C. Riley Snorton, Professor of English Language and Literature, is jointly appointed in the department and the Center for Gender and Sexuality Studies. Snorton is a cultural theorist who focuses on racial, sexual and transgender histories and cultural productions. He is the author of Nobody Is Supposed to Know: Black Sexuality on the Down Low (University of Minnesota Press, 2014) and Black on Both Sides: A Racial History of Trans Identity (University of Minnesota Press, 2017), winner of the John Boswell Prize from the American Historical Association, the William Sanders Scarborough Prize from the Modern Language Association, the Lambda Literary Award for Transgender Nonfiction, the Sylvia Rivera Award in Transgender Studies from the Center for Lesbian and Gay Studies, and an honorable mention from the American Library Association Stonewall Book Award Committee.
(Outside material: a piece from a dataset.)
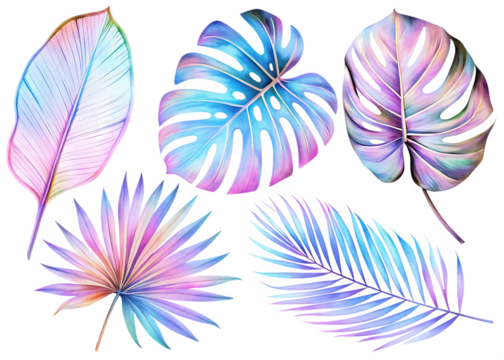 Holographic tropical foliage isolated on a transparent background - Powered by Adobe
Snorton is also the co-editor of Saturation: Race, Art and the Circulation of Value (MIT Press/New Museum, 2020).
Snorton’s next monograph, tentatively titled Mud: Ecologies of Racial Meaning examines the constitutive presence of swamps to racial practices and formations in the Americas. Currently, he is coediting The Flesh of the Matter: A Hortense Spillers Reader (forthcoming). He is the co-editor of GLQ: A Journal of Gay and Lesbian Studies (Duke University Press). He has also coedited several special issues of journals, including “Blackness” for Transgender Studies Quarterly (2017), “The Queerness of Hip Hop / the Hip Hop of Queerness” for Palimpsest: A Journal on Women, Gender, and the Black International (2013), and “Media Reform” for the International Journal of Communication.
Snorton has been a recipient of a National Endowment for the Humanities fellowship at the New York Public Library’s Schomburg Center for Research in Black Culture, an Andrew W. Mellon postdoctoral fellowship at Pomona College, and two fellowships at Harvard’s W.E.B. Du Bois Institute for African and African American Research. He received his PhD from the University of Pennsylvania Annenberg School for Communication with graduate certificates in Africana studies and women, gender, and sexuality studies.